Ingbert Liebing (CDU/CSU): Lange Zeit dachten wir, Leben sei ohne Sonne nicht möglich. Geht man unter Wasser, verlischt das letzte Sonnenlicht nach etwa 400 Metern vollständig. Deswegen ist die Menschheit in der Vergangenheit dem Irrtum aufgesessen, dass es in der Tiefsee keinerlei Leben geben kann. Inzwischen sind wir klüger. Die durchschnittliche Tiefe des Ozeanbodens liegt bei ungefähr 4 000 Metern, schon hier herrscht absolute Finsternis. Fische aber wurden noch in einer Tiefe unterhalb von 8 000 Metern gefangen!

Wir müssen also langsam umdenken in Bezug auf unsere Vorstellungen von der Tiefsee. In völliger Dunkelheit und kalten Strömungen gedeihen Korallen, die kein Hobbytaucher je zu Gesicht bekommt. Die Korallen strahlen in Weiß und leuchtendem Rot; Fische, Seesterne und Krebse bewegen sich zwischen den verästelten Kalkskeletten. Doch dieses Riff erstrahlt nur im Scheinwerferlicht eines Tauchboots. Wer jemals Videoaufnahmen aus einem solchen Tauchboot gesehen hat, wird die eindrucksvolle Vielfalt der Bilder nicht vergessen. Aber außerhalb dieses Scheinwerferlichts herrscht die Finsternis der Tiefe. Kaltwasser-Korallenriffe, die Stiefgeschwister der tropischen Schnorchelattraktionen, spielen aber offenbar eine zentrale Rolle für das Leben unter Wasser. Als Laichgrund und Kinderstube vieler Fischarten spielen die Riffe eine zentrale Rolle im Lebenskreislauf der Tiefsee und bilden so einen Hotspot der Artenvielfalt. Vom Meeresboden erheben sich gigantische Seeberge. Würden sie an Land stehen und für unser Auge sichtbar sein, so fielen sie unter die eindrucksvollsten Landschaftsgebilde der Welt. Die erhöhte Produktion von Biomasse an und auf diesen Seebergen macht sie zu Oasen der Ozeane, deren vielfältiger Einfluss für verschiedenste biologische Prozesse unschätzbar ist.

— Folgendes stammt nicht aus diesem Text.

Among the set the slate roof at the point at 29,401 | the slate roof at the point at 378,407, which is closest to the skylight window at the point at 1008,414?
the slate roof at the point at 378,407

Hydrothermale Quellen, so genannte Schwarze und Weiße Raucher, die sich am Grund der Tiefsee finden, bilden eigene Biotope mit vielen, meist nur in dieser Umgebung lebenden Arten. Einige Forscher weisen der Umgebung von Schwarzen Rauchern eine zentrale Bedeutung in der Entwicklung des Lebens auf der Erde zu. Einige Biologen erwarten sogar, ähnliches Leben auf Monden der Gasplaneten wie zum Beispiel dem Jupitermond Europa zu finden. Sie sehen also, wir wissen schon einiges, noch lange aber nicht alles über das Leben der Tiefsee. Und dennoch: wir wissen heute über die Rückseite des Mondes weit mehr als über das Leben in der Tiefsee – und das, obwohl die Weltmeere unser Leben vielfältig beeinflussen: Sie decken einen Großteil des Nahrungsbedarfs von Milliarden von Menschen. Die Haupttransportwege für den Güterverkehr ziehen sich wie ein Netz über das Wasser, ohne die das Weltwirtschaftssystem schlicht zum Erliegen käme. Und am Meeresgrund lagern wahrscheinlich Bodenschätze, die wir früher oder später dringend benötigen könnten.

Die Meere nehmen die Hälfte des weltweiten CO2-Ausstoßes auf und tragen damit eine wesentliche Last der globalen Klimaveränderung. Versauerung der Meere verändert die Ökosysteme, Nahrungsketten reißen. Dennoch fließt in die Erforschung der Meere nach wie vor nur ein Bruchteil der Mittel, die für die Erforschung des Weltraums zur Verfügung stehen. Es hat in der Vergangenheit auf regionaler, nationaler und auch globaler Ebene viele Anstrengungen gegeben, der Gefährdung der Meere zu begegnen. Aber gerade die Tiefsee, zu der vornehmlich Meeresregionen gehören, die außerhalb der nationalen Hoheitsgewässer liegen, ist bis heute unzureichend geschützt und eine wirkungsvolle Kontrolle von Schutzmechanismen, zum Beispiel Fischereiauflagen, ist hier kaum möglich. Vor einigen Monaten haben wir hier einen Antrag der Fraktion des Bündnisses 90/Die Grünen diskutiert, der ein generelles Moratorium für Grundschleppnetzfischerei in der Tiefsee verlangt. Wir haben diesen Antrag seinerzeit abgelehnt, weil er ein wichtiges Thema leider zu undifferenziert abhandeln wollte.